On Thu, May 11, 2017 at 10:13 AM, Josef Skladanka <jskladan@redhat.com> wrote:

Bah, do you also hate it, when you hit ctrl+enter instead of shift+enter, and the email gets sent?

Nope, I configured my email client (gmail) to be able to undo sending emails in such case (20-second delay in my case). (I don't even know what shift+enter is for, it doesn't seem to do anything different than a standard enter).

... Following up with that last sentence:

I sure agree, that having thousands of Depcheck results is nonsense. And in this special case, I really agree that pruning the data is a good idea (if we have a very well defined way of devising the "this is just a duplicate" thing, that is). I also agree, that we don't need to have the whole history of all the results in one place, that is fast-read access. But it still makes sense (to me at least) to just have an archiving policy, rather than deletion policy, as the first step.

I didn't realize that, but that's conceptually no different from what I proposed, right? It can still be an external process that prunes the last day's worth of data during night, just instead of throwing those away completely, it saves them to a secondary database. So it can be still implemented outside of resultsdb. Correct?

Also, this could also be OK for RHEL folks, they could have different policies for archiving, and the old results would still be available, just in a different database (and with slower access).

And to be honest, I don't think that the policy for data retention has anything to do with result de-duplication.

Nope.

Sure it makes the "stupid" undefined approach easier - we could be going on saying "just download it all, and decide for yourself" a bit longer, and effectively stall the "NASA-level" decision making.

Yes, that's how it was meant. If not for depcheck/upgradepath style of reporting, we might not have had this discussion at all, because all the other tasks report a very reasonable amount of results (single digits) for each item.

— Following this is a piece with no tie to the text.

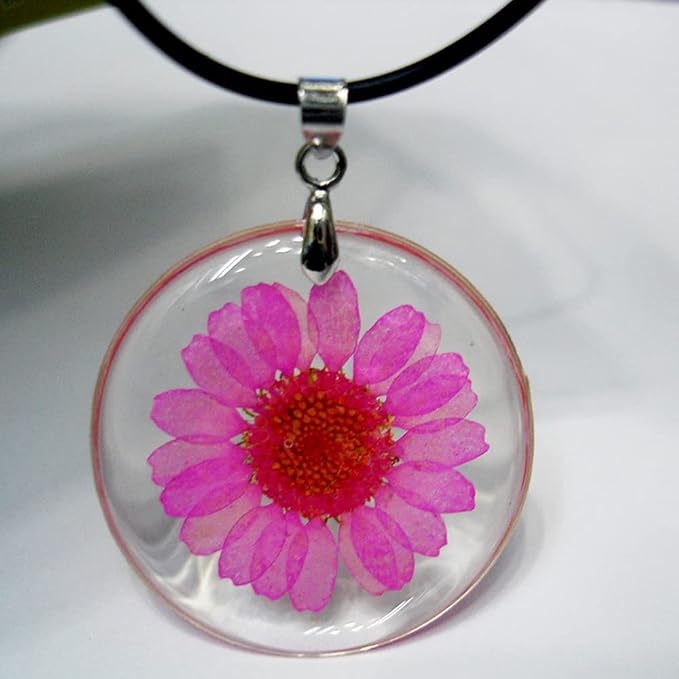 50pcs Natural Dried Daisy Flower, Vacuum Packaging, Pressed Flower - Image 3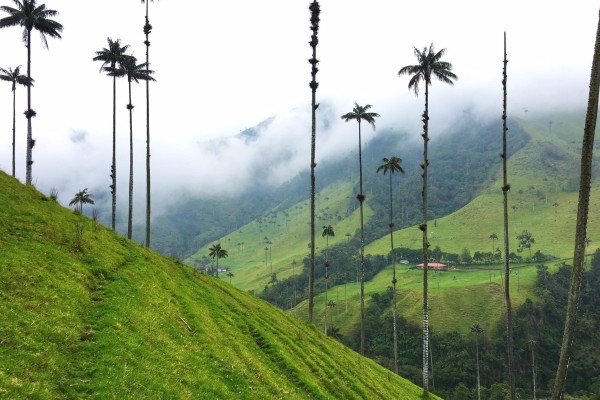 Cocora Valley, Colombia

And once again - I'm not saying that it is necessarily a wrong step to take now. But we must be very consentient about what we are doing, and why. Because having less data in the database does not really help with deciding "what is the latest result in this usecase".

More brainpower would be welcome on this topic :) If we can't make it auto-resolving, we can still go back to defining a huge list of all testcases in the database and their available extra args values, so that consumers can send very specific queries.

So, to sum it up a bit - I am the last person to go against making our stuff a bit (a lot) more tailored to the usecases we have. But I need to have those usecases defined, and ideally have policies in place to support those usecases, before I feel it is a good idea to do it.

J.